### RECORDS FOR PROCESSING
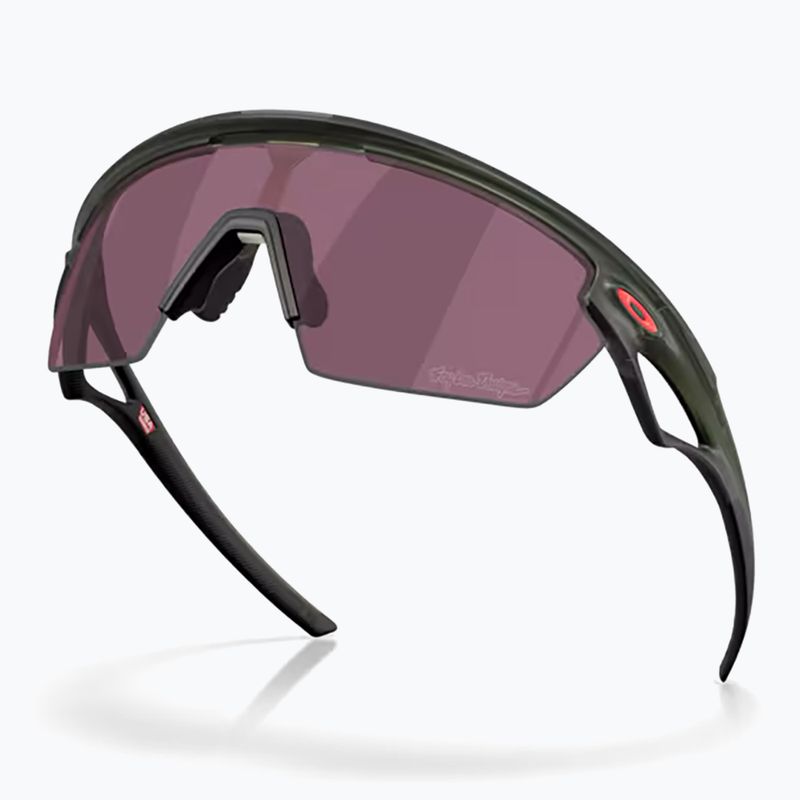 Oakley Sphaera Troy Lee Designs matiniai alyvuogių rašalo/prizm road black akiniai nuo saulės 4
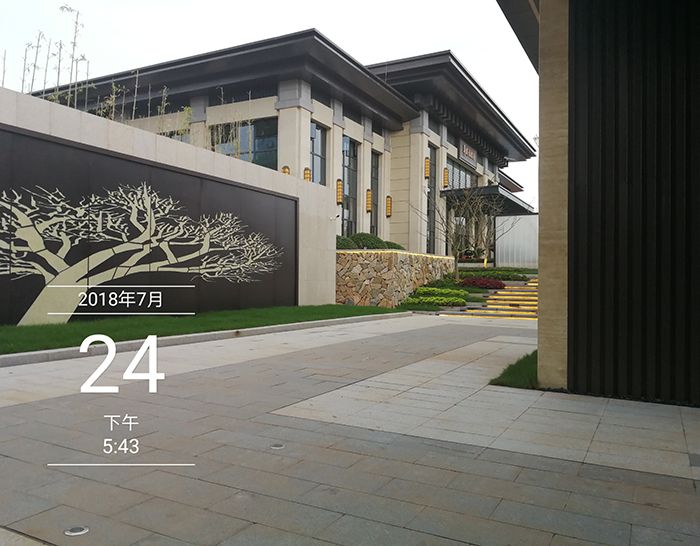 赣州华润万橡府售楼部、园林景观工程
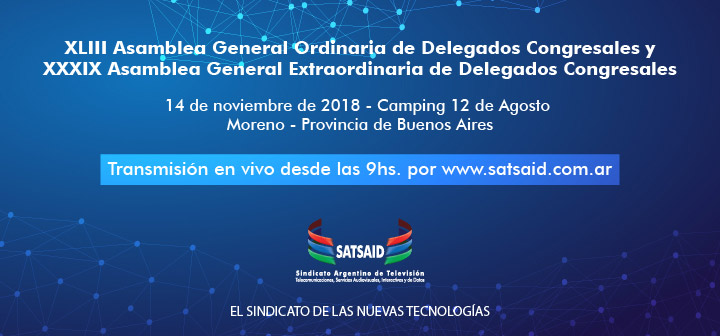 14/11 – Transmisión en vivo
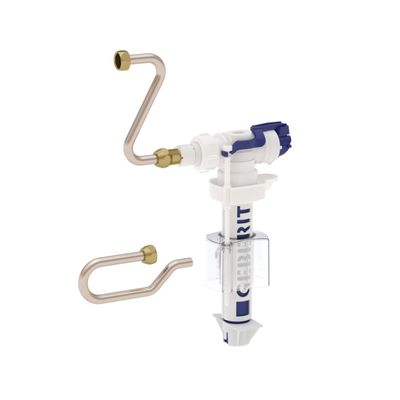 Geberit type 380 float valve, brass nipple for Delta 12 cm concealed cistern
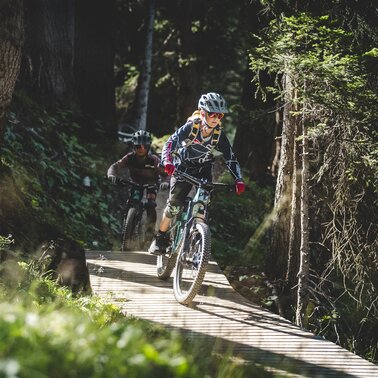 The Högtrail is a singletrail in the bike area Serfaus Fiss Ladis in Tyrol Austria | © Serfaus-Fiss-Ladis Marketing GmbH |Maria Knoll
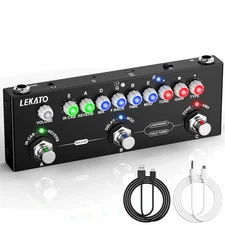 LEKATO Rechargeable Multi Effects Guitar Pedal 9Amp 8IR CAB,Record Bluetooth 5.0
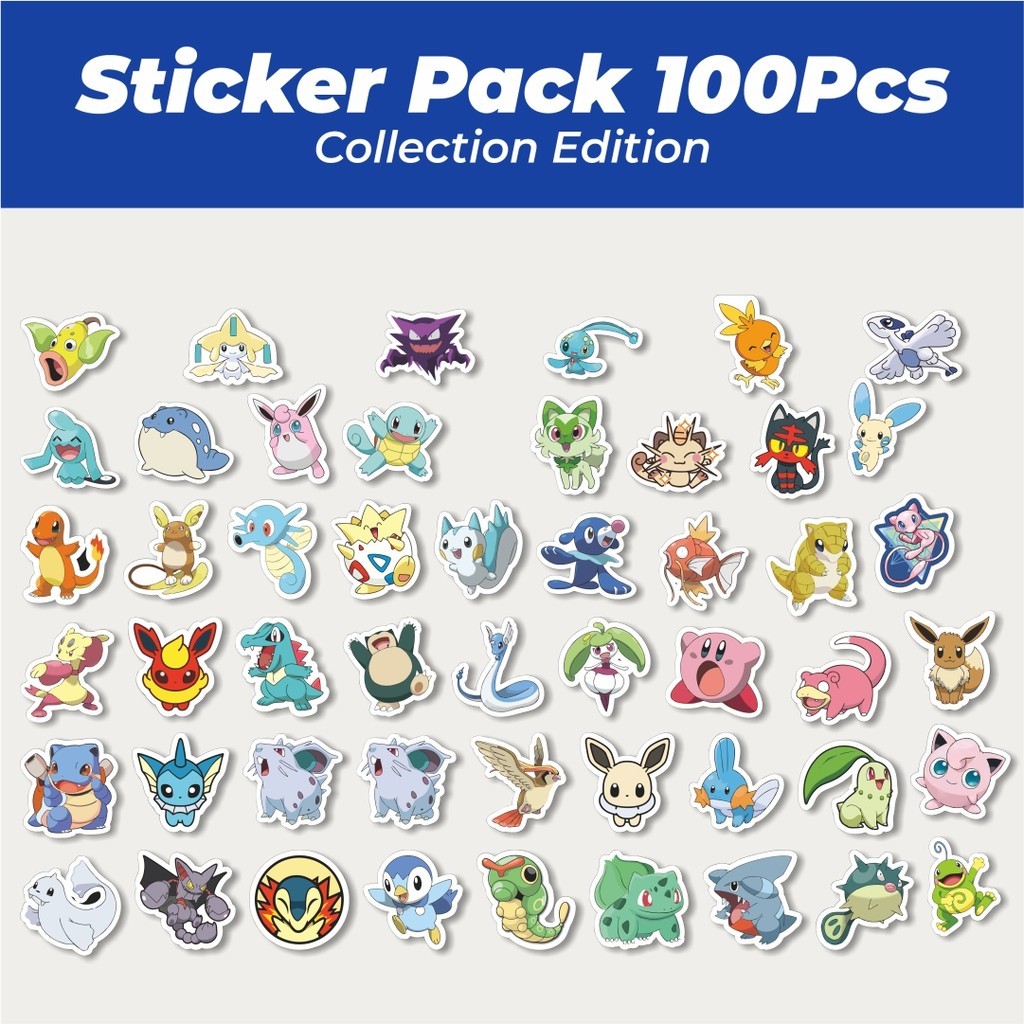 

Hot Stiker Anime Pokemon V4 Lucu Anti Air Stikers Berperekat Waterproof Sticker Decal Buat Motor Helm Buku Journal Koper Casing HP Laptop Botol Minum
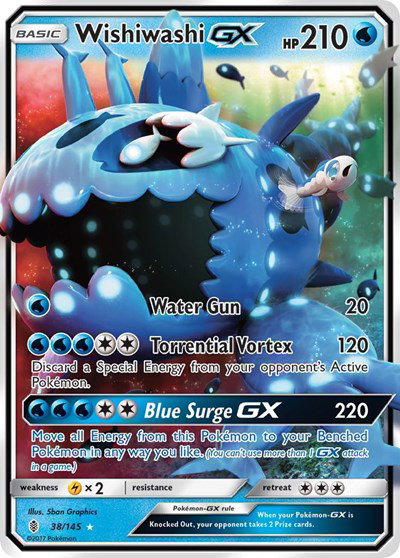 Wishiwashi GX 38/145 — Guardians Rising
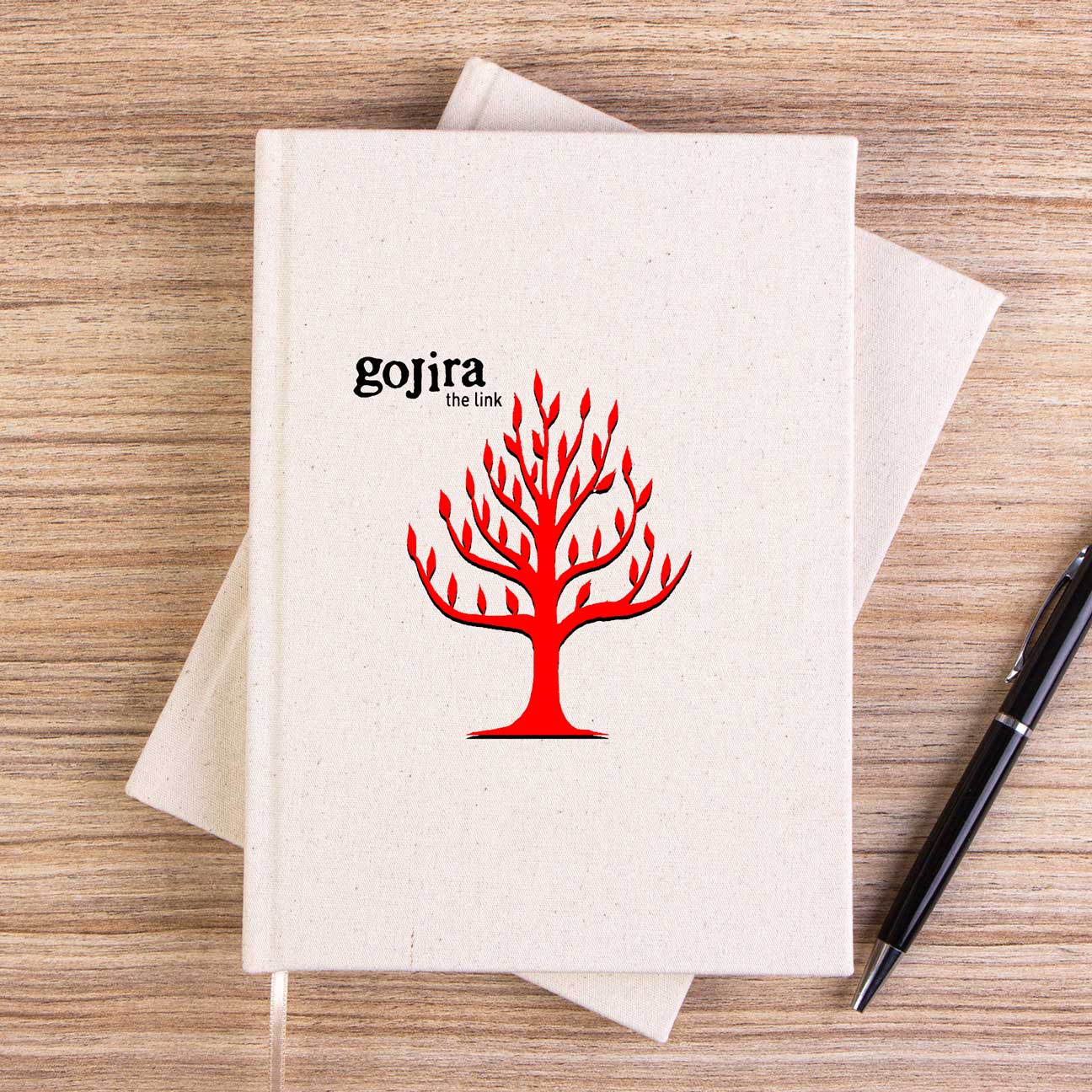 Gojira The Link Çizgisiz Kanvas Defter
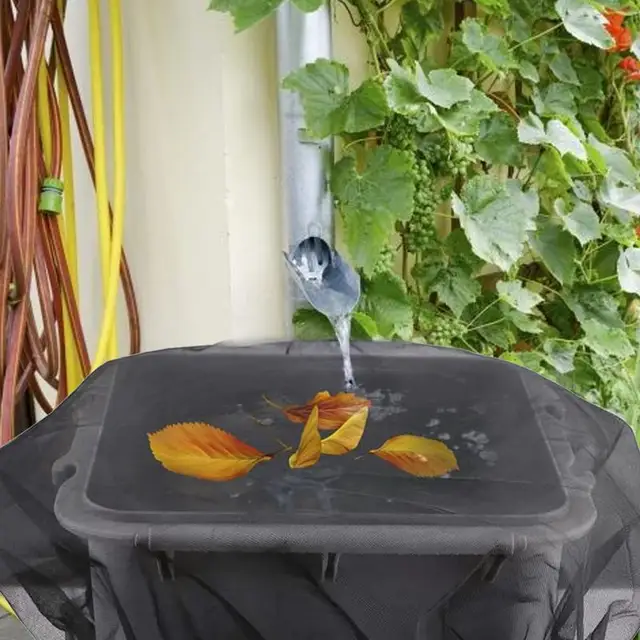 Eső Hordó Burkolat Kiváló Minőségű Hálófedél Feneke Húzózsinórral Védő Hálóval Történő Kültéri Betakarító Szerszám Fenekű Fedele - Image 3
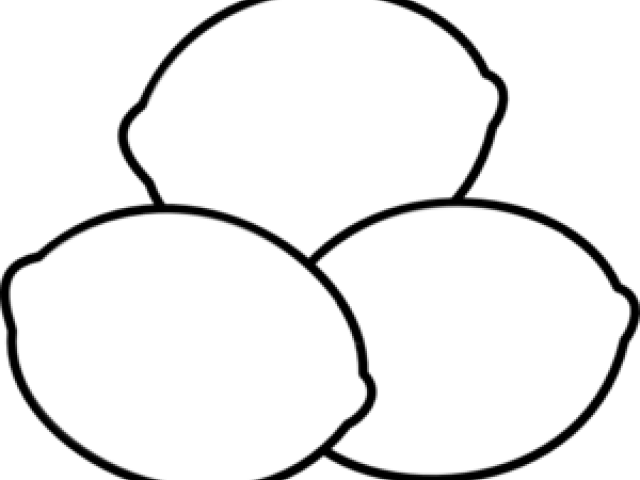 Small Clipart Lemonade - Three Lemons Clipart Black And White (640x480)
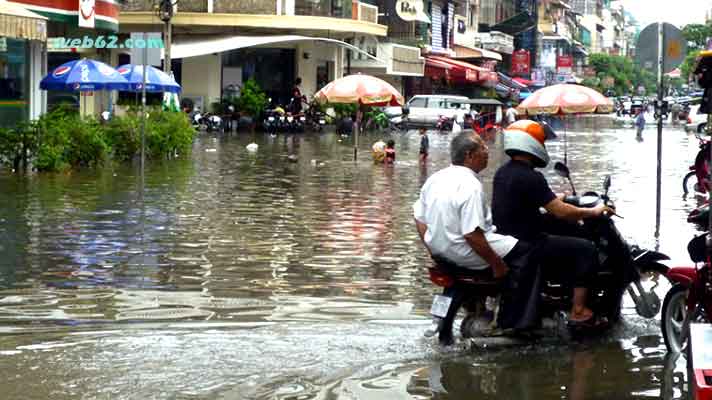 Phnom Penh flooded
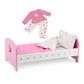 Emily Rose 14 Inch Doll Bed Set with Matching Pajamas | Includes Wooden Bed, Bedding Set, and PJs | Doll Furniture & Accessories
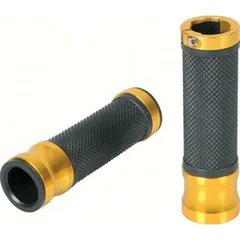 "Metal Grips" Lenkergriffe goldfarbig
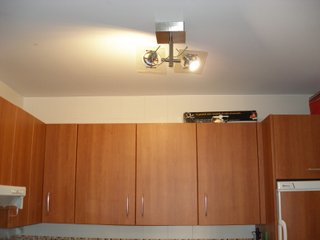 Cocina completa madera con electrodomesticos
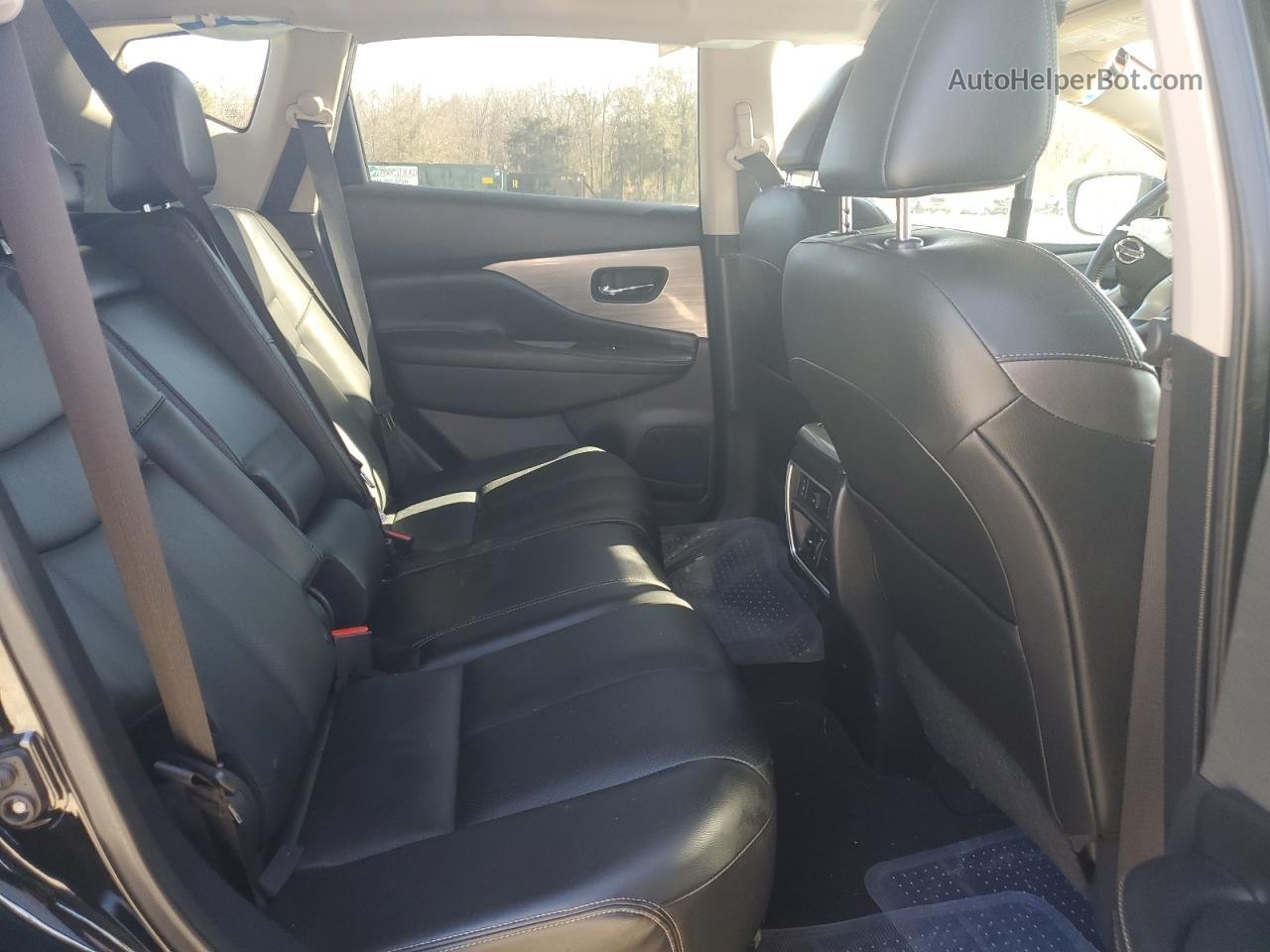 2018 Nissan Murano S Черный vin: 5N1AZ2MG7JN185936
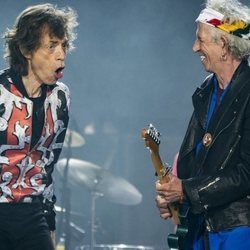 Keith Richards y Mick Jagger 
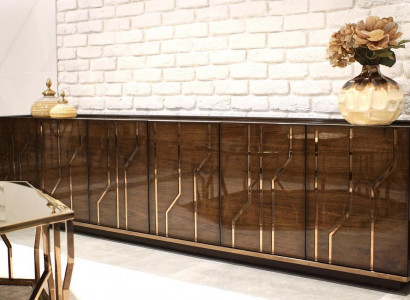 Wohnzimmer Möbel Sideboard Luxus Modern Design Kommode Holz Einrichtung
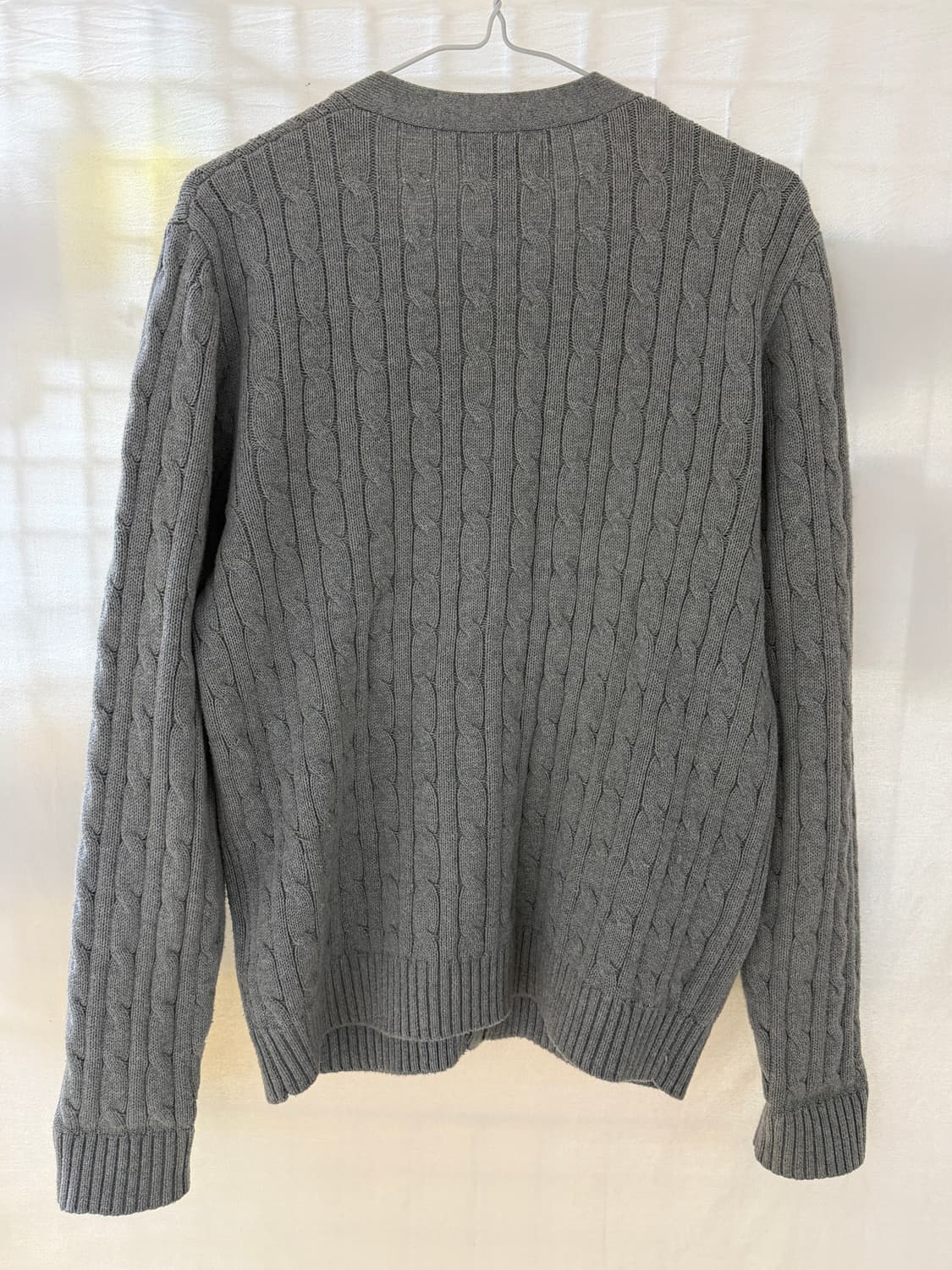 폴로 보이즈 케이블 니트 가디건 그레이 XL 상품이미지2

### WORK ITEM
Copy exactly the lines from the line containing "Emily Rose 14" through the last line of the records above, both included, and leave out any pictures.

### RESULT OF THE TASK
 Emily Rose 14 Inch Doll Bed Set with Matching Pajamas | Includes Wooden Bed, Bedding Set, and PJs | Doll Furniture & Accessories
 "Metal Grips" Lenkergriffe goldfarbig
 Cocina completa madera con electrodomesticos
 2018 Nissan Murano S Черный vin: 5N1AZ2MG7JN185936
 Keith Richards y Mick Jagger 
 Wohnzimmer Möbel Sideboard Luxus Modern Design Kommode Holz Einrichtung
 폴로 보이즈 케이블 니트 가디건 그레이 XL 상품이미지2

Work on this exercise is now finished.